While still in Ikazaki I ran into a fellow photographer acquaintance who pointed out where some cosmos flower viewing was happening. The old ladies there freaked out about the supposedly beautiful being (美人)that had arrived in their midst. Seriously? In my cycle gear? Anyway, I also ran into some kids I’d recently taught. I could remember which school* they were from even if they weren’t sure who I was because the one has the most adorable freckles (obviously not very common in Japan). I’d noticed her at school thinking “you’re freckly like me!”

I stayed off the main route on the opposite side of the river and at one point I went off track up a hill for a bit. I passed some more elementary schoolers and their father walking their dog and I heard the sisters debating whether or not I was “Amy sensei”. After I trundled past I turned and pointed out that I was, in fact, her friend. I’m waiting to hear about when they report this encounter to her.

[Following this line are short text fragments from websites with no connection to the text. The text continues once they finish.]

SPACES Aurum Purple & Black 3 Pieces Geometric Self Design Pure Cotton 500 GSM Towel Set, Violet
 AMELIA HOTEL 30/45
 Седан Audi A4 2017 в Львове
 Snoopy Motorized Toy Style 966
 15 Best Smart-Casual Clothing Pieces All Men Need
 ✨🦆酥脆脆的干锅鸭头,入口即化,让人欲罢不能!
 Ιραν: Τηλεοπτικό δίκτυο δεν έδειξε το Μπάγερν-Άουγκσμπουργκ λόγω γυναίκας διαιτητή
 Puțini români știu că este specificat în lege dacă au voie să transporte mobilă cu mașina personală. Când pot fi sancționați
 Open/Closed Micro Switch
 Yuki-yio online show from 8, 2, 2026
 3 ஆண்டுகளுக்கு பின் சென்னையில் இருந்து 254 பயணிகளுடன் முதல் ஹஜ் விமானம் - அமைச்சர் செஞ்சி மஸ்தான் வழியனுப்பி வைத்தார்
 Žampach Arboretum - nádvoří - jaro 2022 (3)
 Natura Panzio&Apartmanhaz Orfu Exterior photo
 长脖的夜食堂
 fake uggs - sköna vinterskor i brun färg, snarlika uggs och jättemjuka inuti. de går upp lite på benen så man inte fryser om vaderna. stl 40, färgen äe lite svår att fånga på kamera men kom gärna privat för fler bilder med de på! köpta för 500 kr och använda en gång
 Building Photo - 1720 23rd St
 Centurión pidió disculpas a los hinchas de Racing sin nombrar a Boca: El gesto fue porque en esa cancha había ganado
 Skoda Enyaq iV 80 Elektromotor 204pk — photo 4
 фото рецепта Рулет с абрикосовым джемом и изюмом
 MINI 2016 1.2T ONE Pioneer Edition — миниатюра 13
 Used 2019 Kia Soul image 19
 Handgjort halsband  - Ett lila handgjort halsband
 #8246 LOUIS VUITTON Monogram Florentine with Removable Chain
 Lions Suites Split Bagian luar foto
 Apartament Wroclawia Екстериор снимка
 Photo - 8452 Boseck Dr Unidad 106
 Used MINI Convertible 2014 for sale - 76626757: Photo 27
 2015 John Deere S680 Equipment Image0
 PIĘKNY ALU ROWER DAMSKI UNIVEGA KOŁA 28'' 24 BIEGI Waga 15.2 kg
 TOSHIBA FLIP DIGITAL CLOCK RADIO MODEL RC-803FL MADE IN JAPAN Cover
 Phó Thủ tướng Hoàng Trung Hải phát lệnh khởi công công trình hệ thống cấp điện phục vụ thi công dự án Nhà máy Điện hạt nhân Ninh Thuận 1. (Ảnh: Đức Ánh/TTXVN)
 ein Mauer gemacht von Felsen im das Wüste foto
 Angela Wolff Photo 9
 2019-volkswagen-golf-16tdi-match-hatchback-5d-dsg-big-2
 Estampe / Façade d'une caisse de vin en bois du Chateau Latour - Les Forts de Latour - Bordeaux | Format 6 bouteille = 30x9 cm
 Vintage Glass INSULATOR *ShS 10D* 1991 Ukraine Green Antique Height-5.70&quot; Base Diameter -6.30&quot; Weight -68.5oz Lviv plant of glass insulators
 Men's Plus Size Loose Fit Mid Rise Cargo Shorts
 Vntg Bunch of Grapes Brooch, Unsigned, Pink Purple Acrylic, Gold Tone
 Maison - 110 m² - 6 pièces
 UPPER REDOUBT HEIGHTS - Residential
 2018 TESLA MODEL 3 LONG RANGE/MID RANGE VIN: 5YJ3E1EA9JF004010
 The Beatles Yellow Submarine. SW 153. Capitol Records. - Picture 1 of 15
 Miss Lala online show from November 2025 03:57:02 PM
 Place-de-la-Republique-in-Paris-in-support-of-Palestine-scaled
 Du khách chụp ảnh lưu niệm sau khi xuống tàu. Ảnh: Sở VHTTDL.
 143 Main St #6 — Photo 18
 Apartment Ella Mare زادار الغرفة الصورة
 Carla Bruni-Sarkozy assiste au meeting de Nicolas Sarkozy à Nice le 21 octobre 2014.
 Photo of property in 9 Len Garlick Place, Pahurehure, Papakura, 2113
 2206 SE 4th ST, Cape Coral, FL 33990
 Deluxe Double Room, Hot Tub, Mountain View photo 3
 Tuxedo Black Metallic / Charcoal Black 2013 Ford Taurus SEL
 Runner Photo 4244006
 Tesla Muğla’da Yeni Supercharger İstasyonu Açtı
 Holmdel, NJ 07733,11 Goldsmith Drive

I made my way back down to the main route, dropped into the first part of Hijikawa, and took the main route back. I passed some wood I had to photograph. I just love me some modular things. I noticed that I’d seen the logging part of the yard from the other road.

Back in Ikazaki the sun was setting and the river was pink.

*Between me and our other ALT we cover ten elementary schools. Also we spend most of our time at junior high. Remembering details about elementary schoolers is hard!

07 October 2010

A rice obsession

My work-at-home-on-a-PhD husband had his daily need for some fresh air, so I took the opportunity to get some close-up shots of the to-be and the already harvested rice. Methods seem to vary, but usually the rice is cut down, hung up to dry, and then processed further later on.

06 October 2010

The hill kills me

On my second trip I decided to rush what I thought to be a doable hill in the neighbouring village of Ikazaki, also part of the greater Uchiko town. After some late afternoon sights—I was attempting this after work—I started to head up. Let’s just say I had some great clipping in and out of my pedals practice and that one must remember that walking is exercise too.

Once the sunshine had left me and even the town announcements seemed a million miles away I discovered more roads towards the top of the hill than I was quite prepared for. After some up and down struggles and indecision I decided to head down the way I had come—and not the other side of the hill as I had planned—because I wasn’t convinced that I wanted to meet an inoshishi in the dark. Can you clip out of your pedals in time to avoid an unfortunate collision with a wild boar? There’s a bad question to be asking yourself as you’re listening to the rustling in the undergrowth.

I’d like to go back up and check out the farmland there—during daylight hours. I managed to make it to the white roofs one can see on the map before turning back.